I do, but I think its because I was younger then and having the time of my life. Now Im older and a lot more cynical about life. I think the society only really wants young people in it. Everything is geared towards the younger generation. It probably always has been, but now Im not in the younger generation, I can see it lol. Happy Memories though


----------



## Readyandwaiting (Mar 20, 2011)

Yes in ways because I was a young boy.

I miss the movies, the music, looking forward to all the little things, theme parks, coming home from school to bacon sandwiches and a mug of coffee.

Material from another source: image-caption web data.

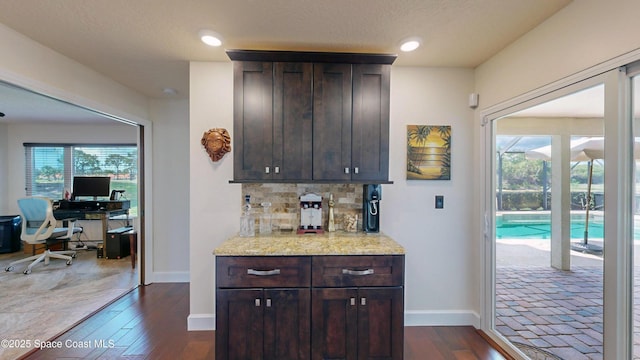 bar with a healthy amount of sunlight, decorative backsplash, dark wood-type flooring, and dark brown cabinetry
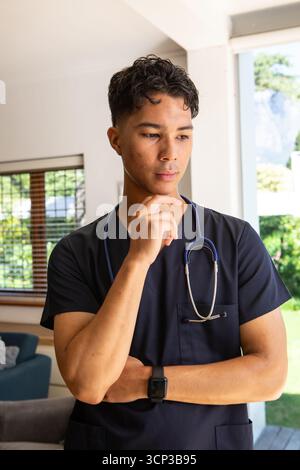 Asian male medical professional wearing scrubs, thinking in living room holding stethoscope Stock Photo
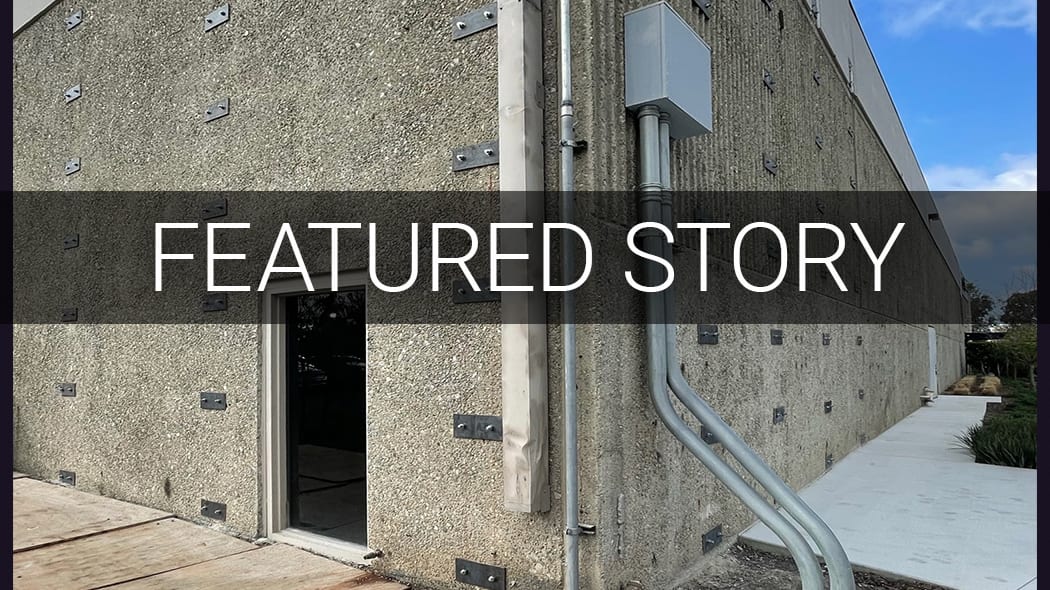 Text "FEATURED STORY" over a concrete building wall with pipes and metal attachments.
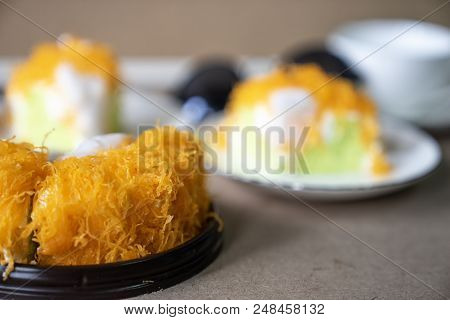 Close Up Selective Focus Piece Of  Gold Egg Yolk Thread Cake , Or  'cake Foi Tong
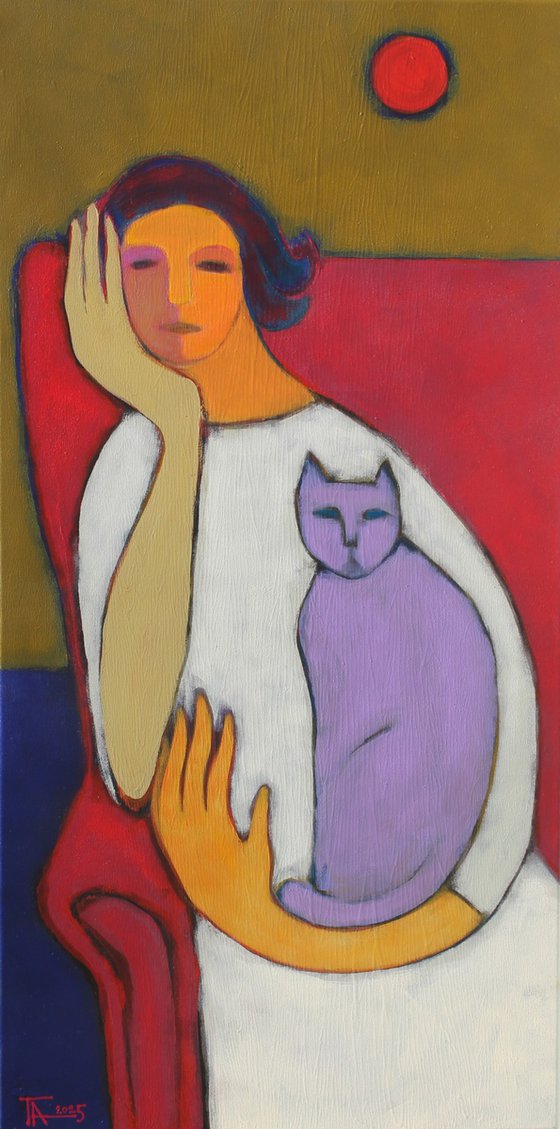 Portrait in a red chair.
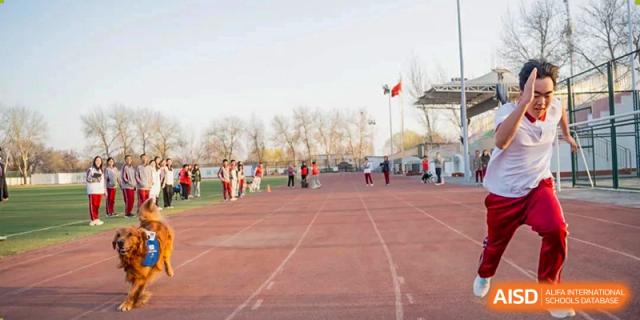 Students gathered near a red running track and field, with flags flying, during an outdoor sports day at Beijing Academy International Department (BAID).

Not caring what I looked like.

Not feeling the pressure to get in shape or make money etc... or try to be good at anything just go to school, play, come home, eat, play some more, bed. Was an awesome time even if it was filled with quite a bit of shyt. You tend to not think about that when looking back and only remember the good times. More of a sense of community also, my close in my estate everyone got along and did so much together was awesome.


----------



## gymgym (Mar 20, 2012)

TBH I miss the 80's a lot more than the 90's but I reckon 90's was unsane loving dating cheatting game with girls at school lol


----------



## engllishboy (Nov 1, 2007)

Late 90's early 2000's, i was in secondary school. Looking back, i really miss those days. However, i was a massively fat cvnt, and now i'm in the best shape of my life, and getting fitter. I do wish i could go back to mid 90's and tell myself to stop eating so fvcking much :lol:


----------



## 1010AD (May 30, 2009)

can't remember coz I was to fuked out of my head at acid parties but at least something stuck with us over the years I remember having it on a T-shirt


----------



## DutchTony (Sep 25, 2011)

Miss 90's big time. Best year for music in my opinion was 91


----------



## infernal0988 (Jun 16, 2011)

i miss the music and the artists Captain jack , scooter, dr bombay , and songs like im blue , mombo number 5 , those where the days where britney spears was actually hot.


----------



## El Toro Mr UK98 (Nov 11, 2011)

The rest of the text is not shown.